*WHAT THE TASK ASKS*
The listing below must be repeated word for word, with its images excluded.

*DATA SEGMENT*
▬▬▬▬▬▬▬▬▬▬

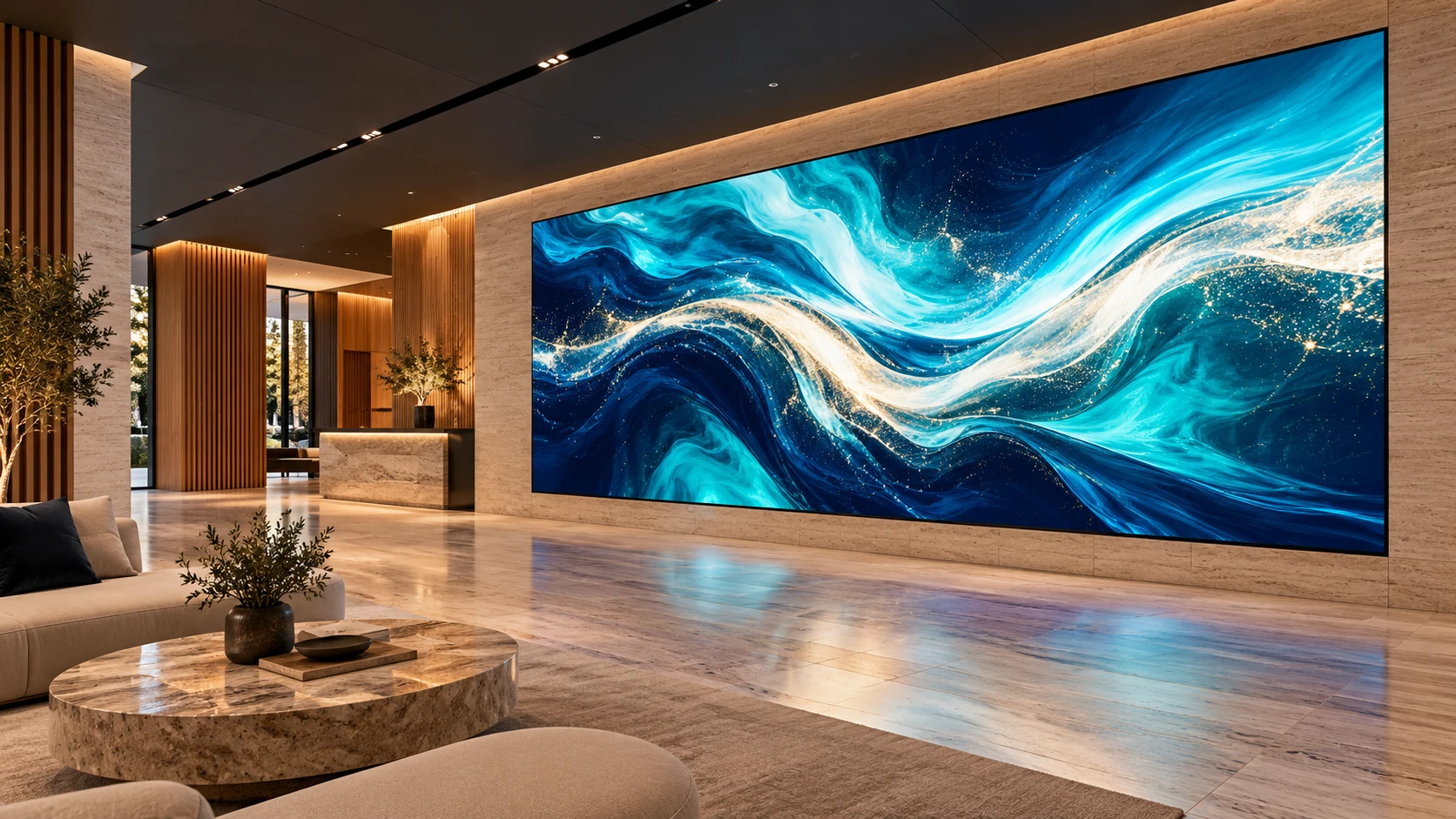 Visualización ilustrativa de una pantalla LED Uslim III en un espacio comercial
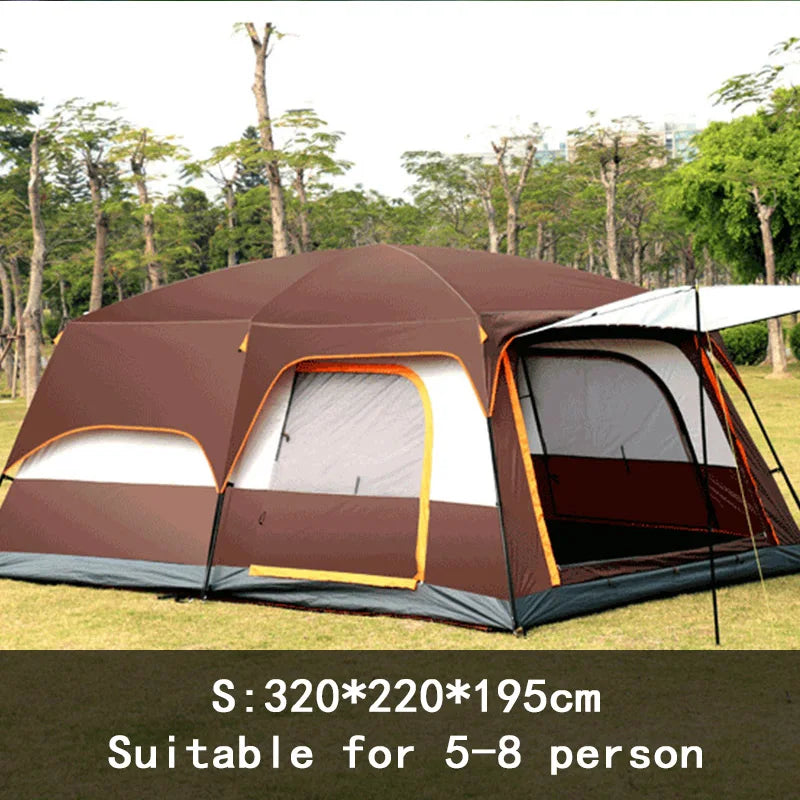 2 Bedroom 1 Hall Camping Tent 5-8 Person Double Layers Oversize Thickened Rainproof Tent Outdoor Family Camp Tour Equipment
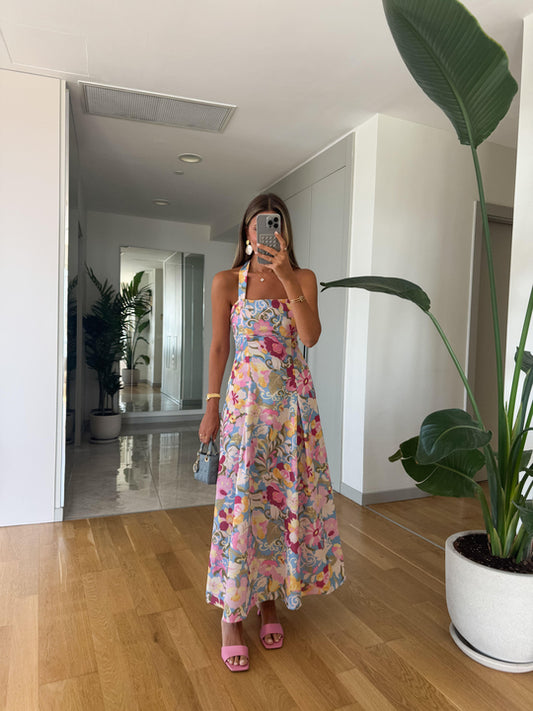 Floral pattern linen textured dress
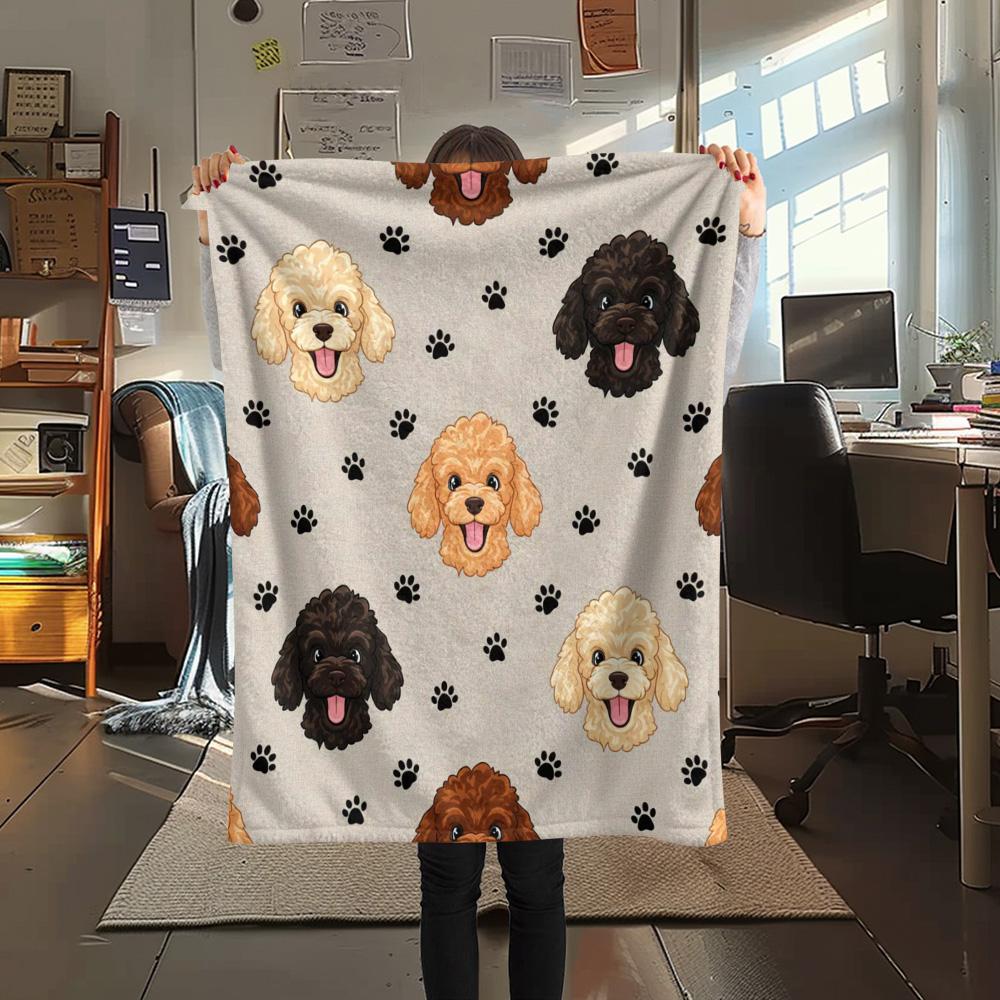 

1PC Dog paw print Print Flannel Blanket, High quality Comfortable for All Seasons, Home Decor, Warmth and Comfort 80cm x 120cm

▬▬▬▬▬▬▬▬▬▬

*EXERCISE RESULT*
 Visualización ilustrativa de una pantalla LED Uslim III en un espacio comercial
 2 Bedroom 1 Hall Camping Tent 5-8 Person Double Layers Oversize Thickened Rainproof Tent Outdoor Family Camp Tour Equipment
 Floral pattern linen textured dress

1PC Dog paw print Print Flannel Blanket, High quality Comfortable for All Seasons, Home Decor, Warmth and Comfort 80cm x 120cm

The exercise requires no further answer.